Security remains a priority for DevSecOps, which is increasingly turning to developers and technology as part of the process, according to a GitLab DevSecOps report released Thursday.
For example, there was an increase in developer led-security. According to the report, 71% of respondents said that their vulnerabilities are being caught by developers.
“That’s a sort of a signal to me that the security organizations I think are getting more comfortable with developers finding and correcting vulnerabilities during the development process, rather than waiting until the end, and then doing what folks traditionally do: running it through a bunch of tools, generating a report and then spending months fixing everything that’s in that report,” Bob Stevens, GitLab’s vice president of public sector, told Nextgov. “So, to me, the security groups [are] embracing the tools that exist and starting to rely more and more on them to be able to ensure that code is being developed securely.”
Despite the need for better digital experiences and improved security, the report found that 75% of public sector respondents reported deploying software at the same rate or slower than last year.
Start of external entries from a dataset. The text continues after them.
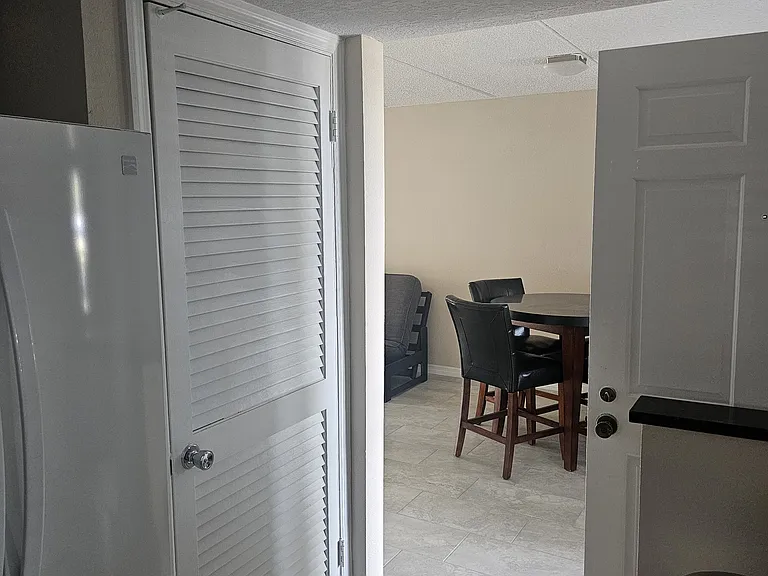 11700 Park Blvd #106 — Photo 7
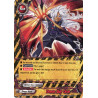 buddyfight-tcg-card-h-bt04-0060en-u-demon-slay-circle-mikado-evolution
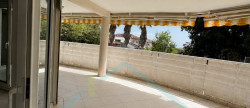 vente Appartement Schoelcher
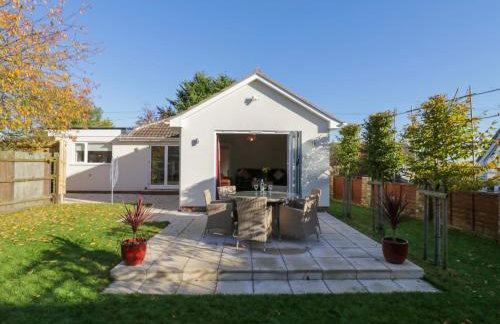 Farmer's Rest - Foto 30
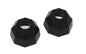 Energy Suspension - Tie Rod Dust Boot - 9.13102G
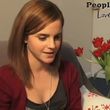 EmmaWatsonFan-nl_2010PeopleTree-AskEmma0679.jpg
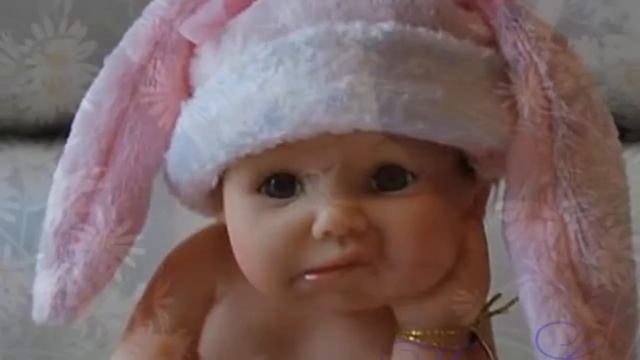 Притча о маме смотреть онлайн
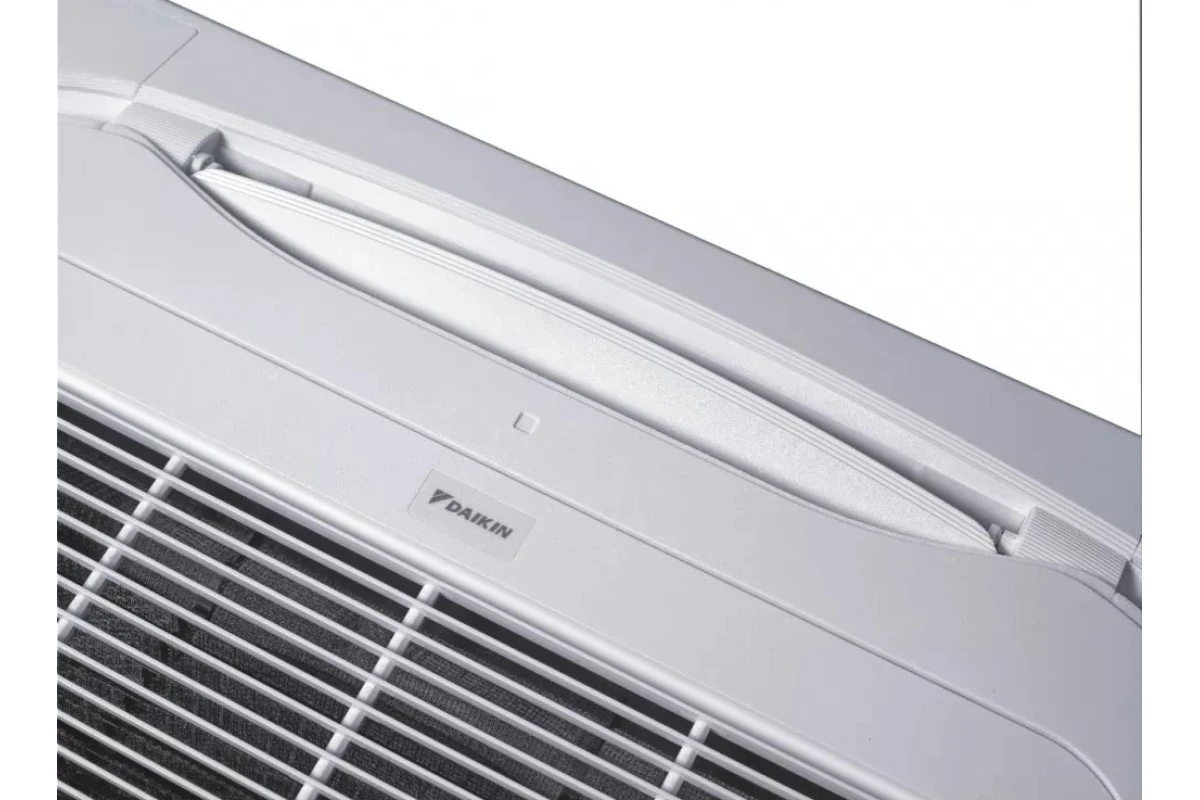 Кассетный кондиционер Daikin FCAG35B/RZAG35B/-40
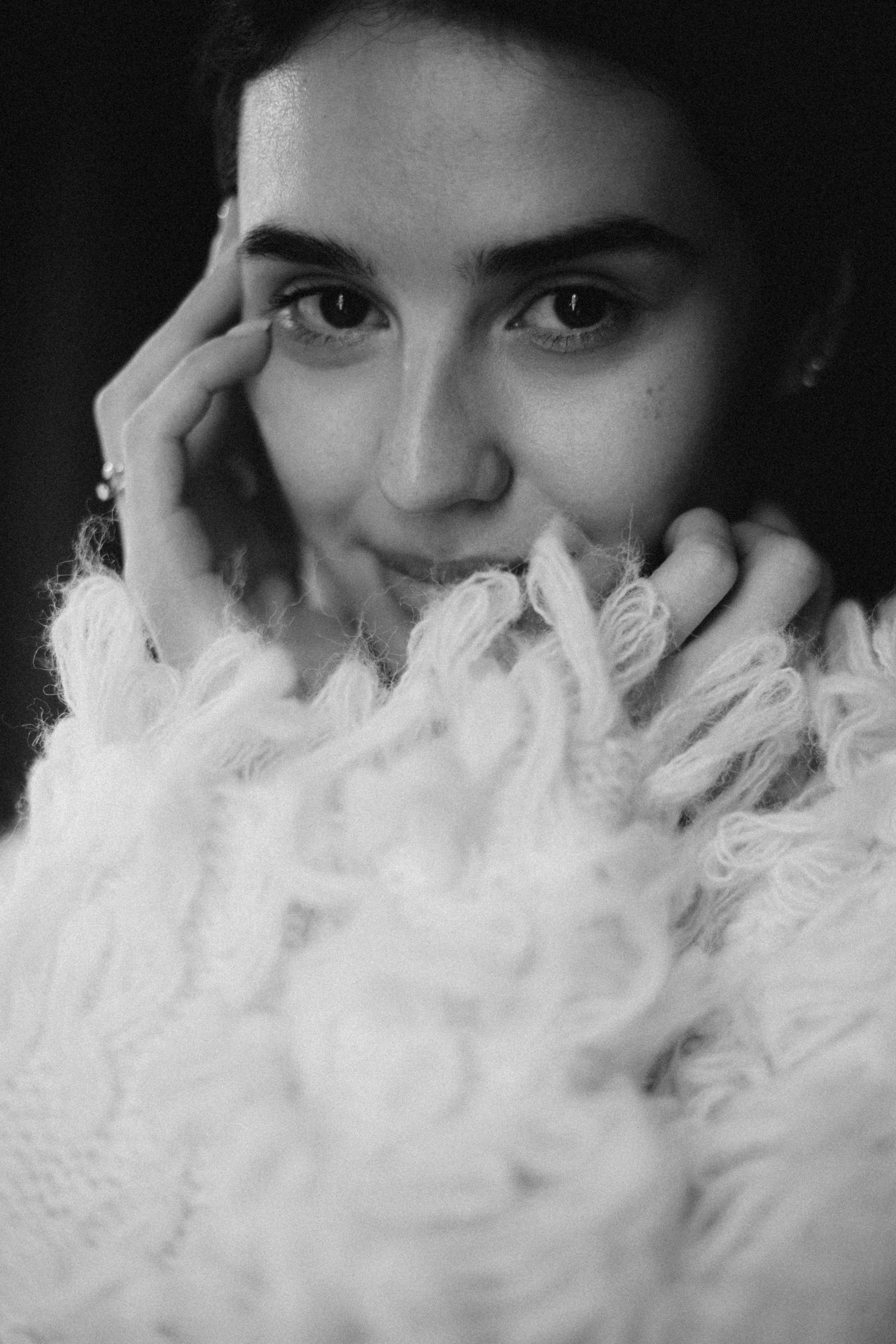 Виктория. Фотограф Ростов-на-Дону, Аксай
In the 2022 report, this was 59% of respondents.
“I’m surprised that number is so high, especially with the tools that exist out there today, but maybe I shouldn’t be surprised,” Stevens said. “But I can tell you that there’s a lot of agencies that are still stuck in waterfall and haven’t moved to agile development and they’re still very stove-piped and they’re struggling to figure out how to get out of that scenario. It’s a cultural change is really what it comes down to.”
However, Stevens noted for the commercial sector this is only 40%, which he stated “would indicate that the government is falling behind in regards to their transition to newer development tools and building software factories and the deployment of a platform.”
Meanwhile more than 50% of government respondents reported evaluating or buying a DevSecOps platform in the next one to three years.
However, the report found that 44% of public sector respondents were using more than six tools and some were using more than 15 tools.
“The more tools you use, the more opportunity you create for vulnerabilities or poorly written code,” he added. “You also slow things down because things can be written in a stove pipe and then you try and merge all those pipes together in the end and, oh, by the way, they normally don’t work well when you do that. So you slow things down when there’s that many tools. Cost is another thing.”
Moreover, 59% of government and defense or aerospace respondents are looking to consolidate the number of tools they use.
According to Stevens, this can help “reduce complexity, increase speed to mission, reduce cost,” which includes the cost of the tool and training. He added it also makes remote work more feasible.
Meanwhile, artificial intelligence and machine learning were also important for DevSecOps, the report noted. Specifically, developers that used a DevSecOps platform were more likely to utilize automation and AI or ML for testing purposes than those who do not use a platform. In particular, 65% of developers said they are using AI or ML to test or would be in the next three years. Additionally, 62% of developers using AI or ML use it to check code, an increase from the 2022 report which only had 51% of developers using it for this purpose. Furthermore, 53% of developers using AI or ML use bots for testing, in 2022 this was 39%.
“I think that this is to help with speed to mission,” Stevens said. “If you don’t have to reinvent the wheel and you can rely on AI or machine learning to do something or aid in something that’s kind of common in development, then you can help save time and ensure that it’s secure. Both right, you’re gonna accomplish efficiency and security. So, I think we’re going to see more and more use of AI, in particular, in software development because there’s just aspects of it where it just makes sense. It just makes everybody’s life a lot easier to be able to write the code.”
GitLab surveyed more than 5,000 IT and software professionals, including public sector professionals, in March 2023 for this report.